Maybe it's a strained metaphor, but that's how I'm feeling lately. Raw and pink and shiny, missing a few extra layers of hardshell. Some of it has to do with our current economic situation. Like many of you, I'm beating my brains out for a buck. I'm getting shanked everywhere I turn. But more than that, I think it's because each time out of the gate I try to stretch and strain myself to take my old themes and move them someplace new. To expand and expound upon them, to explore them further as my worldview and perspective shift with each passing year.

It's digging the well deeper and diverting the water. The deeper you go, the more stone you have to cut into. I'm starting to notice it more than ever before. Maybe because the last one, SHADOW SEASON, took a real toll. I had to face head-on my own terror of blindness. Not only face it, but put it to use. Laugh if you want, but I wrote most of the book with my eyes closed, imagining moment to moment, page to page, what it would be like to be blind, how frightened and enraged it would make me. It was like being frightened of heights but writing a book while sitting on the roof. The fear and anger became me, the way I became the book.

With THE UNDERNEATH there are some new pains and aches and unresolved issues to discuss. Some of them will be obvious to my readers, some won't be. Some I'll see clearly and some I won't notice until I'm nearly finished with the novel, or well after. Right now though, there's a couple of things that keep catching in my craw, putting me on edge. It makes me resist the story. The scenes meant to build tension in the reader build tension in me, and who needs that kind of shit on a sunny glorious spring day? I don't. But I still need to keep to my deadlines. I still need to face down the empty page. I still need to face my doubt and fear. I still need to punch through my own hindrance and defense. Once again I need to bring pumice to the pink and scuff another layer off.

And how was your day?


Anonymous said...

Aside from a few stories on a blog, I'm not a published author so I'm not facing any deadlines that are not self-imposed. But I know about hitting the wall. Head on. Repeatedly. Doubt & insecurity are closer than my own skin. What's the old saying about writing being easy, all you do is open a vein and hold it over the paper?

Tom Piccirilli said...

That's by Walter Smith. Here's my fave:

"Writing is easy: All you do is sit staring at a blank sheet of paper until drops of blood form on your forehead." ~Gene Fowler

Anonymous said...

And that succinctness shows why Fowler is published and I'm not.

Douglas E Wright said...

I have really no deadlines at the moment, Tom. But writing is not an easy go for me. It takes a long time to write a short story. Even after it's done I'll be watching a movie and think there needs to be a word change in the completed story. But, like you I notice I am digging deeper and deeper. The stories are different but underneath they are all the same.

Unknown said...

Thanks for writing this, Tom.

Jamie Eyberg said...

I am finding it takes a little more with each story. I have to dive a little deeper to find something that fascinates me, scares me, puts me in awe.

Anonymous said...

It's strange. I can go to any Tom Piccirilli book I own (and I own lots of them), open to the first few pages, and see testimonial after testimonial about how great a writer you are. Add to that Keene's comments about how every writer wishes they could write like you.

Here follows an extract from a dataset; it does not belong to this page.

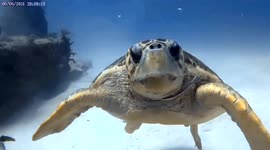 Scubadiving with loggerhead turtle at the only active underwater graveyard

You're doing something right Tom, so it's not your talent that should be the cause of your insecurity.

Doubt and fear over the economy? I can understand that, I go to bed everynight worrying about whether my company will have enough customers to keep the doors open.

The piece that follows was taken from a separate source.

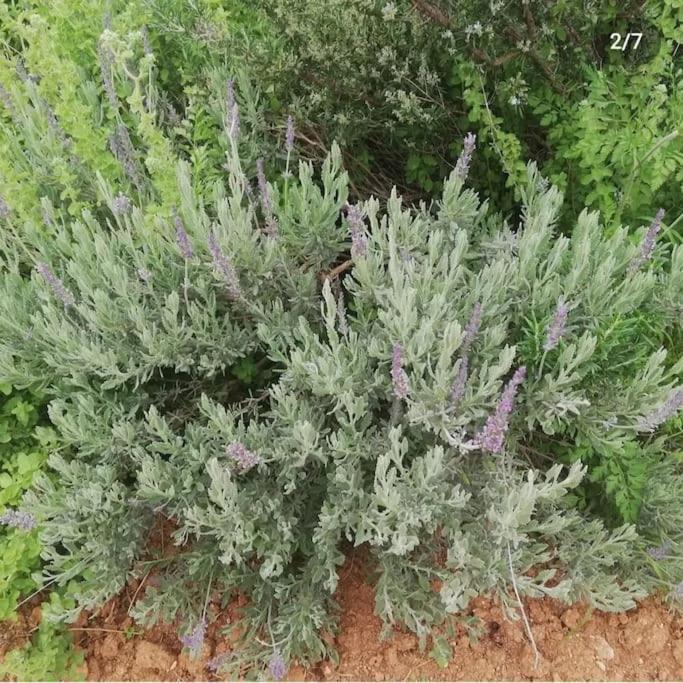 Olive Grove Cottage Skalani Knosos ภายนอก รูปภาพ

Doubt and fear over deadlines and your work? You just might be the most gifted contempory author fiction has to offer. I count the days until your next book is released, as do so many others.

I think writers might be thier own toughest critics.


ronnoc said...

Every time I read your blog I'm reminded how good of a writer you are. Of course, if doubting yourself is how you write what you write, feel free to ignore the above.